The company’s Gaming business reported a whopping 300% growth year-over-year aided by a new product roadmap, solid gross gaming revenue (GGR) in the U.S., and a rebound in the U.K. and Europe.
Additionally, SGMS’s Lottery and Digital businesses reported a solid quarter backed by strong instant retail game sales and record iGaming and Sports Betting revenues, respectively.
Barry Cottle, President and CEO of the company, said, “We have emerged from the pandemic a much stronger Company with significant momentum…Following our strategic review, we will be singularly focused on becoming a leading cross-platform global game company with a focus on content and digital markets. We are moving rapidly to transform our company and I have never been more optimistic about our path forward.”
The company is actively pursuing the divestment of its Lottery and Sports Betting businesses and has also reduced its net debt leverage ratio to 7.2x since the beginning of the year. The company aims to de-lever its balance sheet more significantly with the planned divestitures.

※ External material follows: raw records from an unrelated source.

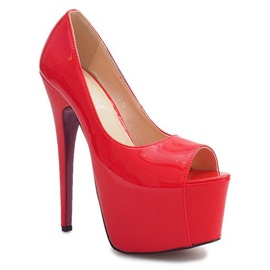 Wysokie Lakierowane Szpilki Na Platformie D913 Czerwony czerwone 1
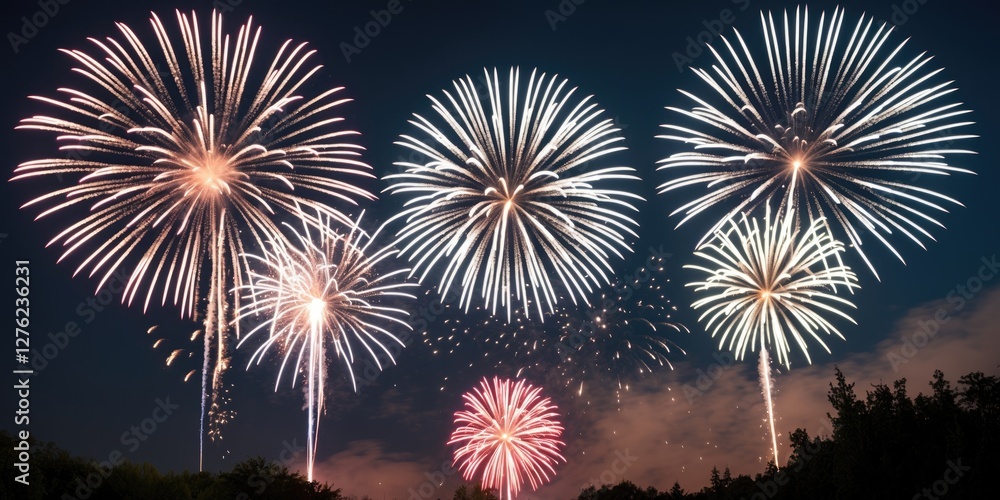 Poster vibrant summer fireworks display against night sky with empty space for text overlay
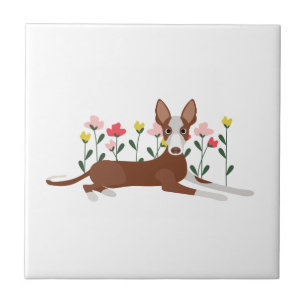 Carreau Chien de dessin en rose et jaune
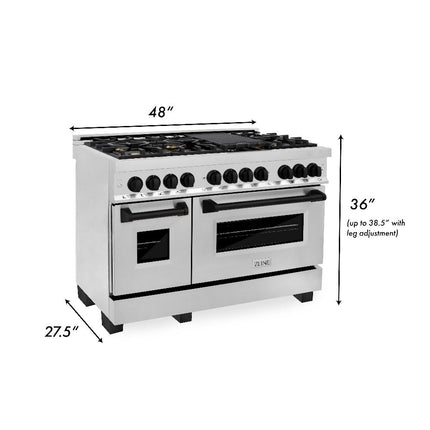 ZLINE Autograph Edition 48 in. Kitchen Package with Stainless Steel Dual Fuel Range, Range Hood, Dishwasher and Refrigeration Including External Water Dispenser with Matte Black Accents (4AKPR-RARHDWM48-MB)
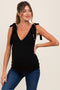 Black Solid Ribbed Sleeveless Tie V-Neck Maternity Top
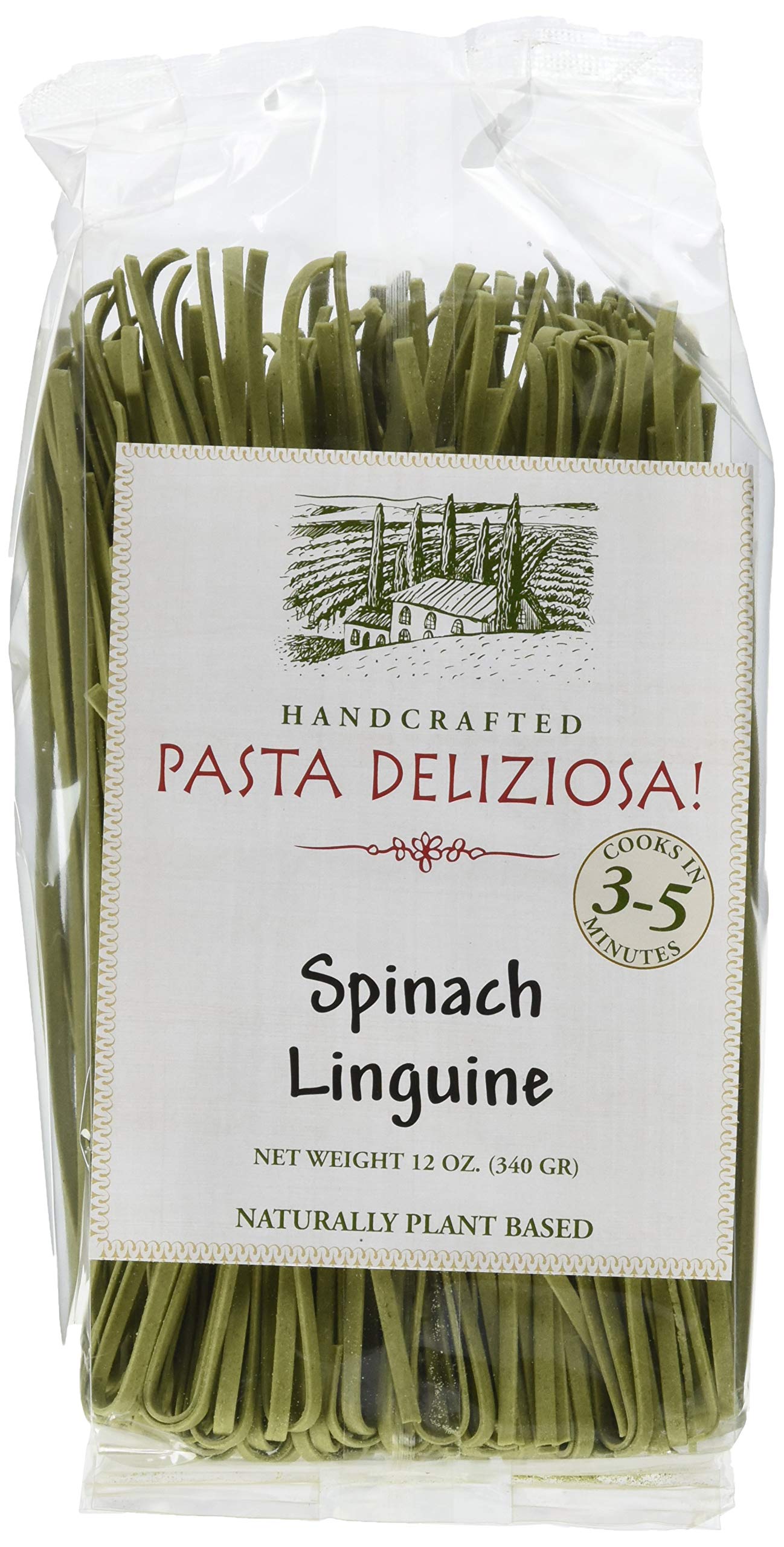 Pasta Deliziosa! Handcrafted Pasta, Spinach Linguine, 12 Ounce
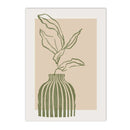 Axyaa Green Geometry Plant Leaves Canvas Wall Art Print Nordic Home Decor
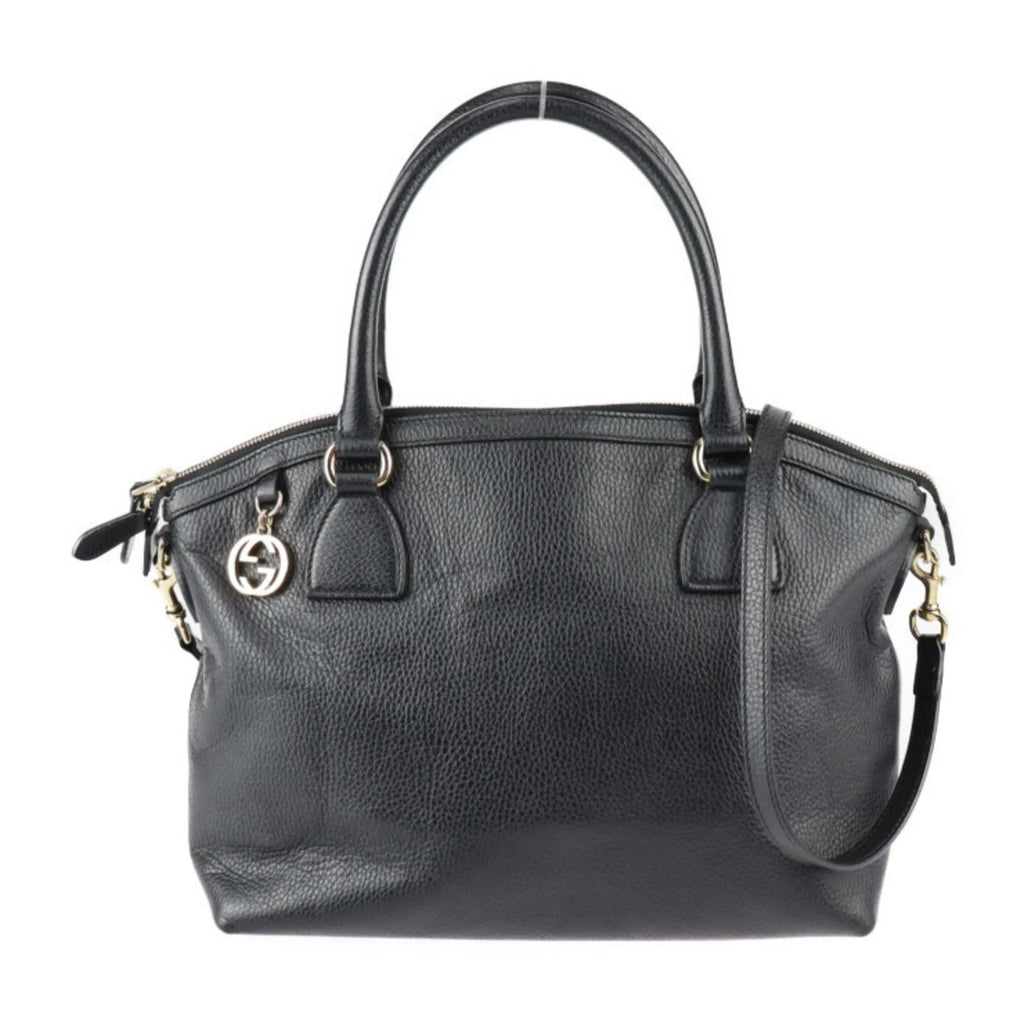 Leather Handbag Bag GUCCI (Good) Pre-Owned G Interlocking 2WAY Hardware Shoulder Gold 449651 Gucci Tote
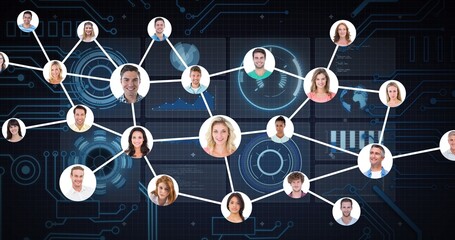 Digital composite image of multiracial people connected globally through computer networking - Powered by Adobe
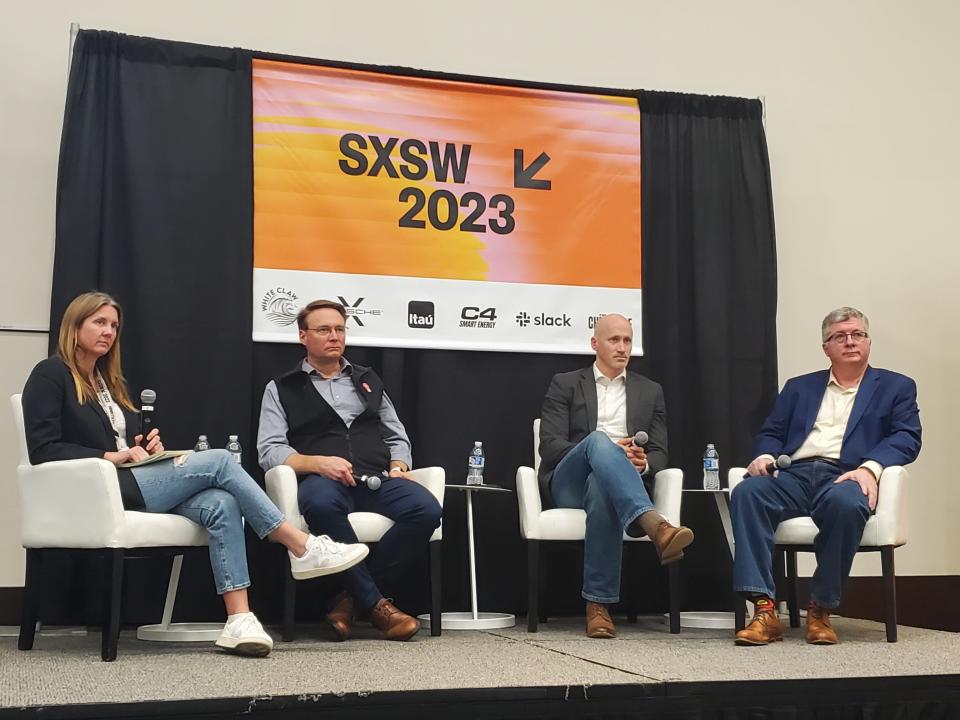From left, Kirsten Korosec, TechCrunch transportation editor, John Rich, vice president of Paccar, Sterling Anderson, co-founder of Aurora, and Rob Reich, vice president of Schneider, discuss the future of autonomous vehicles at South by Southwest.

Moreover, SGMS also completed the acquisitions of Koukoi Games, a Finland-based developer of casual games, on July 2, and Lightning Box, a Sydney-based slot developer, on August 4.
Following the results, Deutsche Bank analyst Carlo Santarelli maintained a Hold rating on the stock while lifting the price target to $63 (10% downside potential) from $54.
Santarelli noted certain highlights from the results, including strong domestic participation yields, very strong lottery segment results, and continued margin efficiency.
The analyst also said, “Management noted that they expect the content and digital business to be comparable in size to the land-based business within three years, while also expecting leverage to fall in line with public peers within two years.”
Overall, the stock has a Moderate Buy consensus rating based on 4 Buys, 3 Holds, and 1 Sell. The average Scientific Games price target of $75.25 implies 7.6% upside potential to current levels. Shares have exploded 246% over the past year.